Perché, pur in assenza di conclamate cause esterne o interne che producano in noi dolore psicofisico d’intensità superiore alla nostra soglia di sopportazione, tuttavia non riusciamo a resistere alla tentazione della lamentazione?
Per cercare di proporre una risposta semplice a questa domanda complessa potremmo prendere a prestito le teorie dell’Analisi Transazionale dicendo che ci lamentiamo per la nostra incapacità a controllare e contenere il Bambino piagnucoloso che è in noi.
Ma se davvero fosse totalmente così, la risposta conterrebbe anche una corrispondente prospettiva evolutiva e risolutiva.
Proprio la capacità di controllare, contenere e guidare quello stesso Bambino piagnucoloso potrebbe infatti essere appresa per essere poi spesa ogniqualvolta ci troviamo di fronte a dei lamenti. Ciascuno di noi, quindi, potrebbe dedicarsi all’apprendimento di quella competenza grazie alla quale, come dice Berne “l’Adulto “mantiene il controllo del comportamento nelle relazioni con gli altri che potrebbero, consciamente o inconsciamente, tentare di attivare il suo Bambino o Genitore” (Eric Berne “Analisi Transazionale” – Ed.Astrolabio)

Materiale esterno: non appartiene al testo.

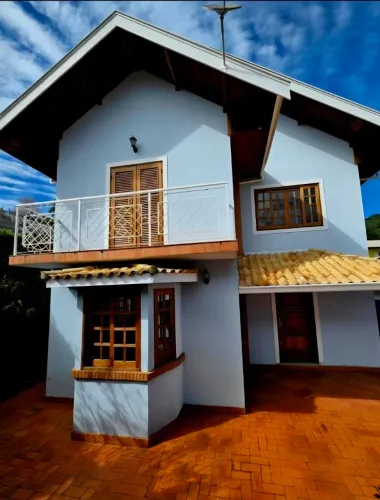 Casa de Alto Padrão em campos do jordão perfeita para morar e empreender no centro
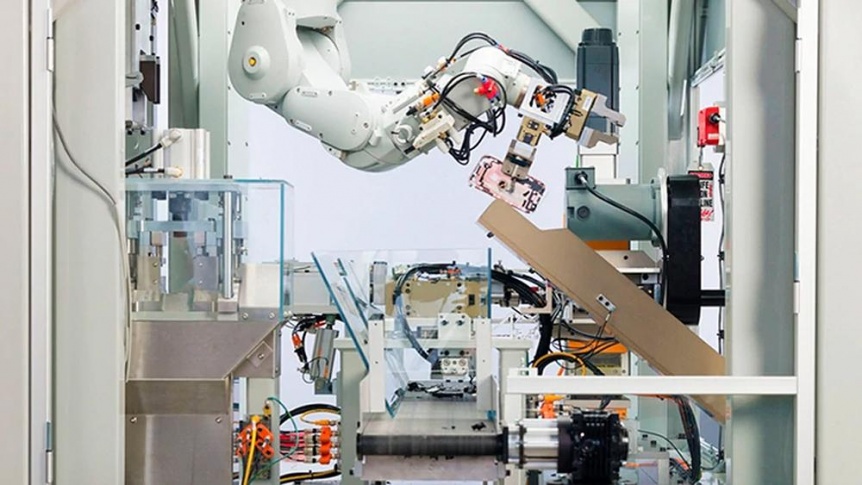 Laboratorio de Apple usa robot que desarma dispositivos y separa material reciclable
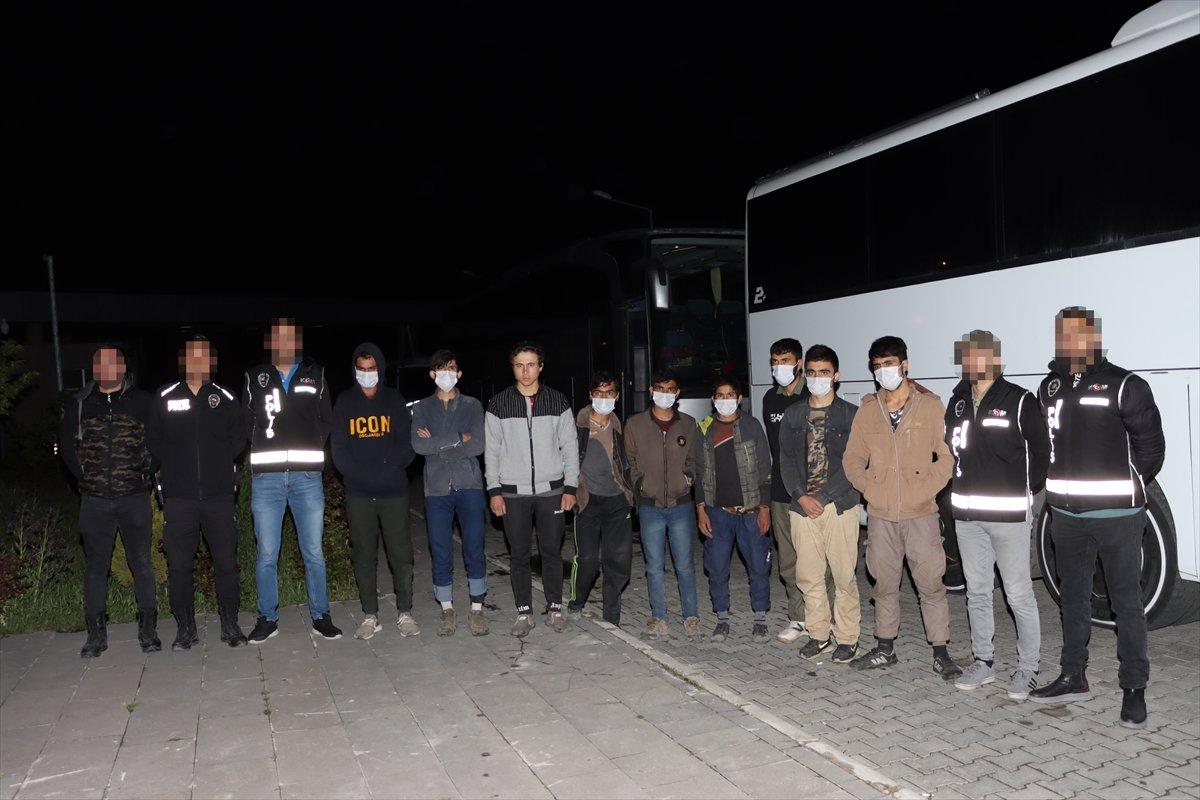 Van'da iki otobüsün gizli bölmelerinde göçmenler yakalandı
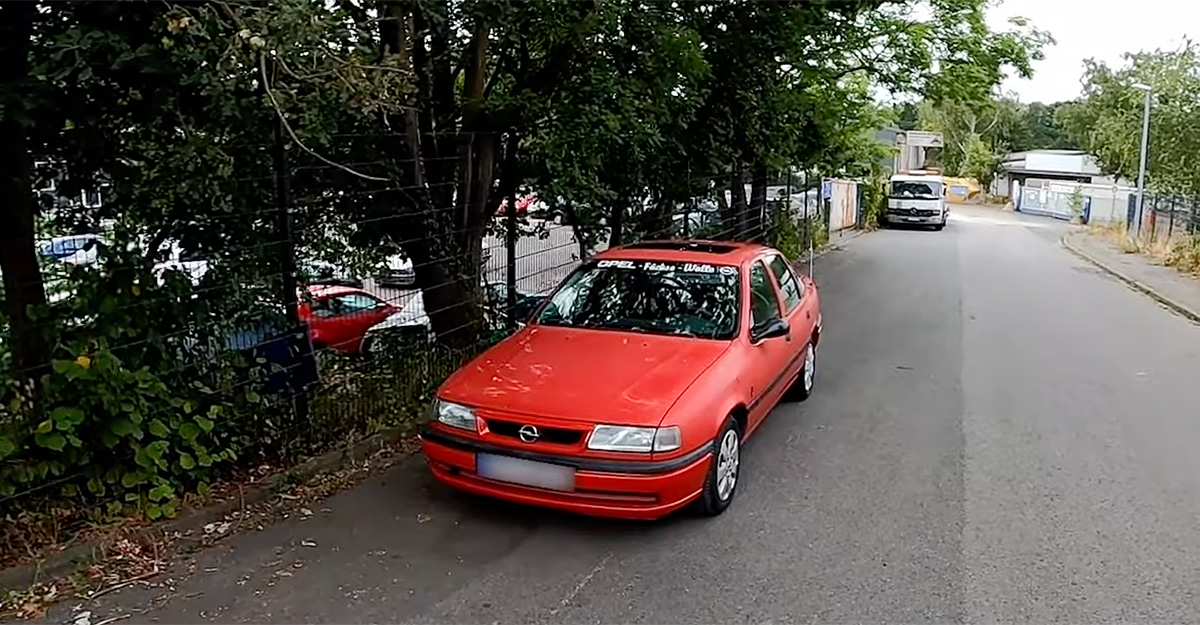 (VIDEO) Cum merge un Opel Vectra A din 1994 pe autostrăzile fără limită de viteză din Germania în zilele noastre
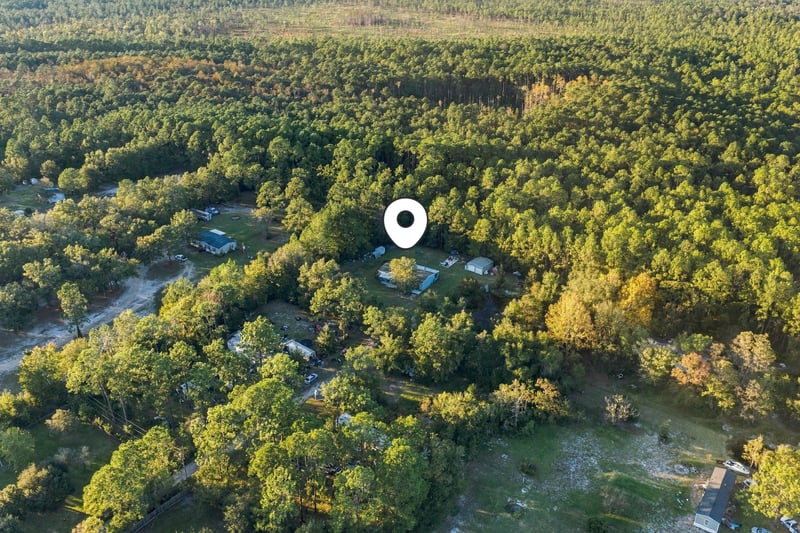 Aerial view with location marker, photographed by Megapixeler on Secret Cove Rd, Middleburg, FL
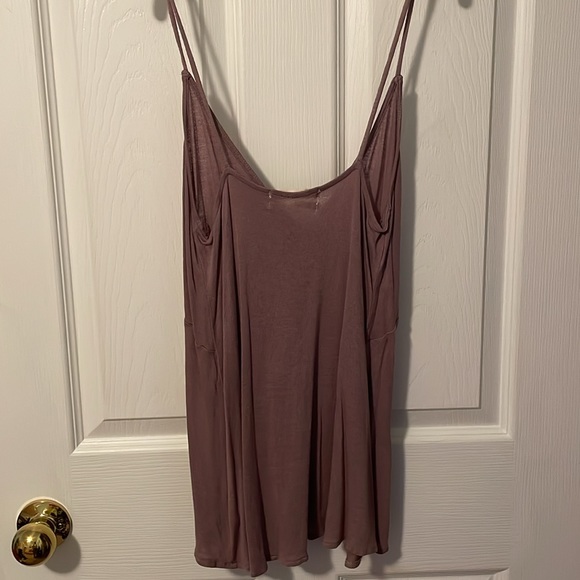 Mauve coloured strapped top - Picture 2 of 2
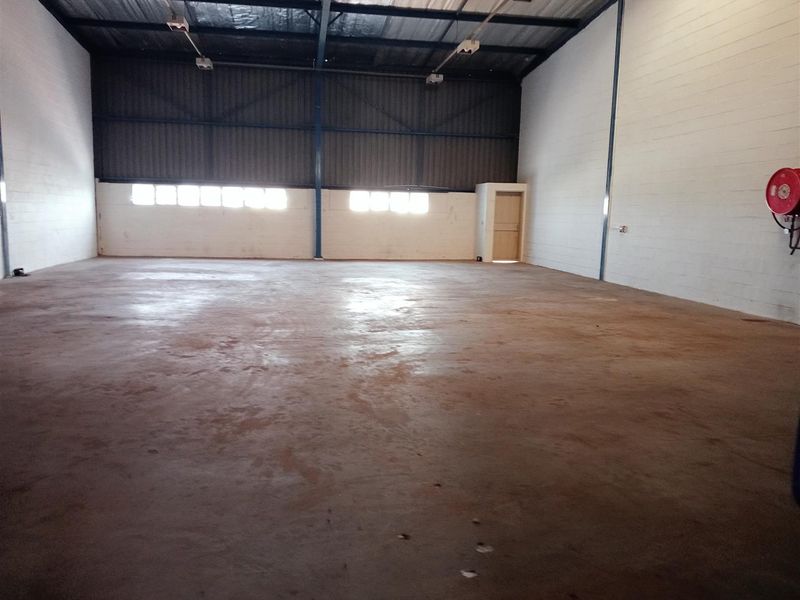 Warehouses of varying sizes to let on Durbans Northern corridor. - Photo 2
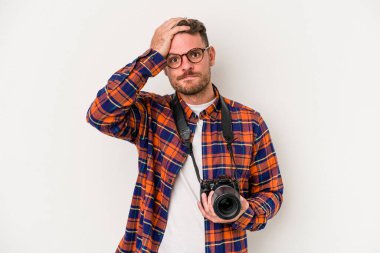 Beyaz arka planda izole genç beyaz fotoğrafçı şok oldu, o önemli bir toplantı hatırladı.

E l’Adulto mantiene il controllo del comportamento quando per esempio tu mi provochi, mi sfidi, ovvero il Genitore critico o il Bambino piagnucoloso che sono in te cercano di attivare il Genitore critico o il Bambino piagnucoloso che sono in me, mentre io evito di accogliere la provocazione, lascio cadere la sfida, attivando in me soltanto l’Adulto.
Questo quindi significa che dobbiamo esclusivamente identificarci con l’Adulto che è in noi? No. Come precisa Berne infatti “ciò non significa che soltanto l’Adulto sia attivo nelle situazioni sociali, ma che è l’Adulto a decidere se e quando lasciare libero il Bambino o il Genitore e quando riassumere il controllo” (Berne, Op.citata)
Proiettare sugli altri e attribuire loro intenzioni persecutorie nei nostri confronti senza tuttavia verificare mai l’effettiva presenza di simili intenzioni, può essere il sintomo di psicopatologie gravi: la classica paranoia e i disturbi paranoidi ad essa connessi.
Tuttavia, anche in assenza di conclamate patologie, la diffusione inconsapevole di questa attività proiettiva è sicuramente molto frequente ed è anche all’origine di molte o forse di tutte le lamentazioni possibili.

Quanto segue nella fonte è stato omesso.